What the task asks => Could you write out each of the records below exactly?

### Entries provided

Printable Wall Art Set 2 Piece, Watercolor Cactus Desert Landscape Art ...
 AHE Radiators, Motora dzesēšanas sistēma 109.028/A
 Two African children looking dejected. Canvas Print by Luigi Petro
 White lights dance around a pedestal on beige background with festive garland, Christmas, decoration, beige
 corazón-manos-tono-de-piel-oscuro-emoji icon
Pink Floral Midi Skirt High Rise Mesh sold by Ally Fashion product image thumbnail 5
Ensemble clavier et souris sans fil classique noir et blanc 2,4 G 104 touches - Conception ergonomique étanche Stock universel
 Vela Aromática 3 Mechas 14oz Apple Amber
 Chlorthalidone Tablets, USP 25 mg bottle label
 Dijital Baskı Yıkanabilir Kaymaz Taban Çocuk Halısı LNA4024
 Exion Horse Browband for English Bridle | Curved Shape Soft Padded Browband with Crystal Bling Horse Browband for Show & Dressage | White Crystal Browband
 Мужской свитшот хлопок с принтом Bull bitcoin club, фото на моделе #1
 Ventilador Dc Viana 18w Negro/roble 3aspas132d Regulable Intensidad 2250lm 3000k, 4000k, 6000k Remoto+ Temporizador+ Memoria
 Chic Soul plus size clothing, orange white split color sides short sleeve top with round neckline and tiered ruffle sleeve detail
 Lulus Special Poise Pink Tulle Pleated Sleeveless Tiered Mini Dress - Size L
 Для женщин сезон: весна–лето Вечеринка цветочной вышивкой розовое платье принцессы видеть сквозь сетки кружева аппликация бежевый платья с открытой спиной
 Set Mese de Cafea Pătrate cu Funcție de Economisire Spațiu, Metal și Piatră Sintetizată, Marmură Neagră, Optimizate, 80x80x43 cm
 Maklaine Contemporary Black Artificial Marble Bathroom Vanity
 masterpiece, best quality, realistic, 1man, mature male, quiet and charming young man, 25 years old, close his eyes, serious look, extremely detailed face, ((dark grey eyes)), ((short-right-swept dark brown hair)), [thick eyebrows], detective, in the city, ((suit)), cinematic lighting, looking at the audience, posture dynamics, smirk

######

Solved problem =>
Printable Wall Art Set 2 Piece, Watercolor Cactus Desert Landscape Art ...
 AHE Radiators, Motora dzesēšanas sistēma 109.028/A
 Two African children looking dejected. Canvas Print by Luigi Petro
 White lights dance around a pedestal on beige background with festive garland, Christmas, decoration, beige
 corazón-manos-tono-de-piel-oscuro-emoji icon
Pink Floral Midi Skirt High Rise Mesh sold by Ally Fashion product image thumbnail 5
Ensemble clavier et souris sans fil classique noir et blanc 2,4 G 104 touches - Conception ergonomique étanche Stock universel
 Vela Aromática 3 Mechas 14oz Apple Amber
 Chlorthalidone Tablets, USP 25 mg bottle label
 Dijital Baskı Yıkanabilir Kaymaz Taban Çocuk Halısı LNA4024
 Exion Horse Browband for English Bridle | Curved Shape Soft Padded Browband with Crystal Bling Horse Browband for Show & Dressage | White Crystal Browband
 Мужской свитшот хлопок с принтом Bull bitcoin club, фото на моделе #1
 Ventilador Dc Viana 18w Negro/roble 3aspas132d Regulable Intensidad 2250lm 3000k, 4000k, 6000k Remoto+ Temporizador+ Memoria
 Chic Soul plus size clothing, orange white split color sides short sleeve top with round neckline and tiered ruffle sleeve detail
 Lulus Special Poise Pink Tulle Pleated Sleeveless Tiered Mini Dress - Size L
 Для женщин сезон: весна–лето Вечеринка цветочной вышивкой розовое платье принцессы видеть сквозь сетки кружева аппликация бежевый платья с открытой спиной
 Set Mese de Cafea Pătrate cu Funcție de Economisire Spațiu, Metal și Piatră Sintetizată, Marmură Neagră, Optimizate, 80x80x43 cm
 Maklaine Contemporary Black Artificial Marble Bathroom Vanity
 masterpiece, best quality, realistic, 1man, mature male, quiet and charming young man, 25 years old, close his eyes, serious look, extremely detailed face, ((dark grey eyes)), ((short-right-swept dark brown hair)), [thick eyebrows], detective, in the city, ((suit)), cinematic lighting, looking at the audience, posture dynamics, smirk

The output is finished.